04h30 : Intermittent du spectacle, permanent de la vie
Le théâtre est une passion qui ne nourrit pas encore suffisamment Vict Ngoma aka Horatio. Ne pouvant y puiser sa seule source de subsistance (et d’intérêt), nous l’accompagnons HSL et moi avant le chant du coq à la gare de Tours, pour qu’il puisse prendre un train pour Paris et être à l’heure à sa formation en management, à neuf heures pétantes.
08h : Fin de saison pour Hamlet. Et après ?

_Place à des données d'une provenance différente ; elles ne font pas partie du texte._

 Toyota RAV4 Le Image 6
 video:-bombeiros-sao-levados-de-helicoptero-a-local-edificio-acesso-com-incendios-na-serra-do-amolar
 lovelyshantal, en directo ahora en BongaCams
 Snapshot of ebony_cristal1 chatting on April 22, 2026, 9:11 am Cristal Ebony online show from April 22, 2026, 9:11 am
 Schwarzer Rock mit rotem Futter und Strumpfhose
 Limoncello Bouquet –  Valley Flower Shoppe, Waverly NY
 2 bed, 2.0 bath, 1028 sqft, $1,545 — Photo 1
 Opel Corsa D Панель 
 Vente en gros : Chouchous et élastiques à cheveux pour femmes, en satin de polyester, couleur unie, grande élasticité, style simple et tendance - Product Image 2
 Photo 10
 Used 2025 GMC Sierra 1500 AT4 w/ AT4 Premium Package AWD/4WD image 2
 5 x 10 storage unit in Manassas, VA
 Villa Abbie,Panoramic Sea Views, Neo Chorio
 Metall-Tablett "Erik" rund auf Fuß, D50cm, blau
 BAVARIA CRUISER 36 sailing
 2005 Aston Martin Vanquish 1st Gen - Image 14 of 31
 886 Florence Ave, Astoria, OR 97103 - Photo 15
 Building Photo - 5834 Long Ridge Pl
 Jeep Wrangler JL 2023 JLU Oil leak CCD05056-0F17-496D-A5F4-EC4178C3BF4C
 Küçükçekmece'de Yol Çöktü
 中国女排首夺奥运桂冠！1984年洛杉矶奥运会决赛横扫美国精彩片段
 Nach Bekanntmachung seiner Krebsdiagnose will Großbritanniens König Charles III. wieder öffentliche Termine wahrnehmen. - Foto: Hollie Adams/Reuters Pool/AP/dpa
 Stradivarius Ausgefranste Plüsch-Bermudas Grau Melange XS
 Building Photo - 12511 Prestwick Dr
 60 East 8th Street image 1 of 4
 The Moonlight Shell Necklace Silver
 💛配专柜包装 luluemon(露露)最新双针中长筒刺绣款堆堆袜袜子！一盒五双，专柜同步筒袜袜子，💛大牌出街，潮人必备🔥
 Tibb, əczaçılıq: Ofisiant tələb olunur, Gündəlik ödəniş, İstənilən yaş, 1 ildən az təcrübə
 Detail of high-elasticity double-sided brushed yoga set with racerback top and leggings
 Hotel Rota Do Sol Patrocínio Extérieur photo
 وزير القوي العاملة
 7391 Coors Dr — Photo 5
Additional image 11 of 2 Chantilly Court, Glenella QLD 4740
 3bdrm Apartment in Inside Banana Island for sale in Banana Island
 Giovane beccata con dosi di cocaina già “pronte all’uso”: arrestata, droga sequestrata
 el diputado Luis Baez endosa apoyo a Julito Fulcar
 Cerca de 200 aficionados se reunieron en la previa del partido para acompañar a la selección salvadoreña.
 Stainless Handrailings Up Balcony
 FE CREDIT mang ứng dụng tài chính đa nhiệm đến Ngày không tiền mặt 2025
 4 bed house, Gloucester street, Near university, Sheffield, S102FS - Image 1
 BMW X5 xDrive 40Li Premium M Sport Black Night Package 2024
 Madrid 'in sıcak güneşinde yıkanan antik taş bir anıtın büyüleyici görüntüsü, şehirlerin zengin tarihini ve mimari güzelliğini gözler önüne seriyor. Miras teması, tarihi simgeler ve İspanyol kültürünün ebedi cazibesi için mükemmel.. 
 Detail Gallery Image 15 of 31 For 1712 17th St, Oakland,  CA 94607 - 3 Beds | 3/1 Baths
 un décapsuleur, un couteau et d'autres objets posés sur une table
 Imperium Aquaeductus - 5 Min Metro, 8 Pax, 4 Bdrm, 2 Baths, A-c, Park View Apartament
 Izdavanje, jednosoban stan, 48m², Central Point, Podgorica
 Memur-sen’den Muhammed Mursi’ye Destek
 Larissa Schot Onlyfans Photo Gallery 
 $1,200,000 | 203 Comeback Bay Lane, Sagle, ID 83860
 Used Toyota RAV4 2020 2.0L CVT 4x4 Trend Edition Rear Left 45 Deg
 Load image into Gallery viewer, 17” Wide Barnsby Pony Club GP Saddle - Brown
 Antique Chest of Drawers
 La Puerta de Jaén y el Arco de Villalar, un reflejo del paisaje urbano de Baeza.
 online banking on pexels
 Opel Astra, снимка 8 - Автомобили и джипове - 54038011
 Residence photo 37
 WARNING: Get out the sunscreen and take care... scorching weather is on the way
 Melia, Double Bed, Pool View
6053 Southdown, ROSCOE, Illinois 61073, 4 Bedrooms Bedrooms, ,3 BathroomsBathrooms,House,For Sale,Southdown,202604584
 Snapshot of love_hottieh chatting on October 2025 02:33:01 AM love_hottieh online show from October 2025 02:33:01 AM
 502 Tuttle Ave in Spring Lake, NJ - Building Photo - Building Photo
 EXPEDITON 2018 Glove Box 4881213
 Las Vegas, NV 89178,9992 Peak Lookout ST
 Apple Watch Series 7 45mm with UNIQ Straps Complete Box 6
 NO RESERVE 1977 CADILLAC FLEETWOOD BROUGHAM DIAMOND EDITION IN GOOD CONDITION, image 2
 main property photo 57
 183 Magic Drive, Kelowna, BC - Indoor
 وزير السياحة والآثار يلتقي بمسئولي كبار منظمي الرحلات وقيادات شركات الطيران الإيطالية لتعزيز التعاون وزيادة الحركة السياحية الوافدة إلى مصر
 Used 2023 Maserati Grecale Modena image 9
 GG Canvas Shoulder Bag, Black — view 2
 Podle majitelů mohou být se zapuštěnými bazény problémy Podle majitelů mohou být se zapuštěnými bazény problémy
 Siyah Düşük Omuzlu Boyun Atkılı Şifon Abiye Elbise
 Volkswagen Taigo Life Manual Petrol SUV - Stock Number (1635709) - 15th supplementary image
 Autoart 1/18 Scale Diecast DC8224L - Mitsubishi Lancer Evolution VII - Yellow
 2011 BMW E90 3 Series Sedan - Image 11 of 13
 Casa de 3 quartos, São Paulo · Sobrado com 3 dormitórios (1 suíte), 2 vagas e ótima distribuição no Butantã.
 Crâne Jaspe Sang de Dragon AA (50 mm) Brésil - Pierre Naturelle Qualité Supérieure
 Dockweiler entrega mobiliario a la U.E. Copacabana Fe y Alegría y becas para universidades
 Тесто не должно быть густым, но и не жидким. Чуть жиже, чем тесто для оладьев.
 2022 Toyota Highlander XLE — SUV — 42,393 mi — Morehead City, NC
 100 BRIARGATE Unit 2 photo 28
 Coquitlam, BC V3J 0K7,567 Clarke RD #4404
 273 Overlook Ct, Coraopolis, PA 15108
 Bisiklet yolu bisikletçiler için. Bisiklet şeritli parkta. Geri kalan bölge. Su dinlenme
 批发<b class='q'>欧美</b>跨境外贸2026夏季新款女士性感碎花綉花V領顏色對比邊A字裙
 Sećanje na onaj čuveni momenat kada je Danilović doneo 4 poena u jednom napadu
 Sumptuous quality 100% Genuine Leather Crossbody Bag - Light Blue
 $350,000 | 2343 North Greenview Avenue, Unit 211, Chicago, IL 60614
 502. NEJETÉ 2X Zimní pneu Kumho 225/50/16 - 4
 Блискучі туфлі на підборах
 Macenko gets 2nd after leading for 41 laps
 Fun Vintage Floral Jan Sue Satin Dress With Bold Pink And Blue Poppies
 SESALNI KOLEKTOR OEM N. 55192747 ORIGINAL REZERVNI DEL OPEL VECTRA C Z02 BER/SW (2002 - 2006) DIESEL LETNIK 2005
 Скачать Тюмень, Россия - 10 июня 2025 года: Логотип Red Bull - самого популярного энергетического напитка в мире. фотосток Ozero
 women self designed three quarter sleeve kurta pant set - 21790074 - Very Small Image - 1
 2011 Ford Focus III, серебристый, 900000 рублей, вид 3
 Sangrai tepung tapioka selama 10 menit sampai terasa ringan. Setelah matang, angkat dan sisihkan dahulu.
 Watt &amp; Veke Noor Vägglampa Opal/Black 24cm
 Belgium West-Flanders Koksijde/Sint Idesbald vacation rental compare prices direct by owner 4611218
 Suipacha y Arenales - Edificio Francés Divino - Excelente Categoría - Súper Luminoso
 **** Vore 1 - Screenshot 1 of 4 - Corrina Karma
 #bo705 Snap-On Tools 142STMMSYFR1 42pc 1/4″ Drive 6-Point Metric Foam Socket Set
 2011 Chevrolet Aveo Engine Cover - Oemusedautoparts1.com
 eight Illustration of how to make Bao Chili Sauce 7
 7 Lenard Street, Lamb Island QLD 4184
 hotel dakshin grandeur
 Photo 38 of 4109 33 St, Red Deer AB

Nous remontons notre cheval mécanique pour rejoindre Paris. HSL adore Shakespeare. Cet anglais aborde pour lui les faits de société avec une vision particulièrement africaine. Sa philosophie se prête très bien aux expressions imagées de l’Afrique. Cet auteur est classique, certes, mais très simple, si ce n’est le plus simple à adapter. Après Othello en 1999, Hamlet en 2004, sa prochaine œuvre qu’il attaquera : Romeo et Juliette. Cette fois, la transposition se fera entre la Palestine et Israël.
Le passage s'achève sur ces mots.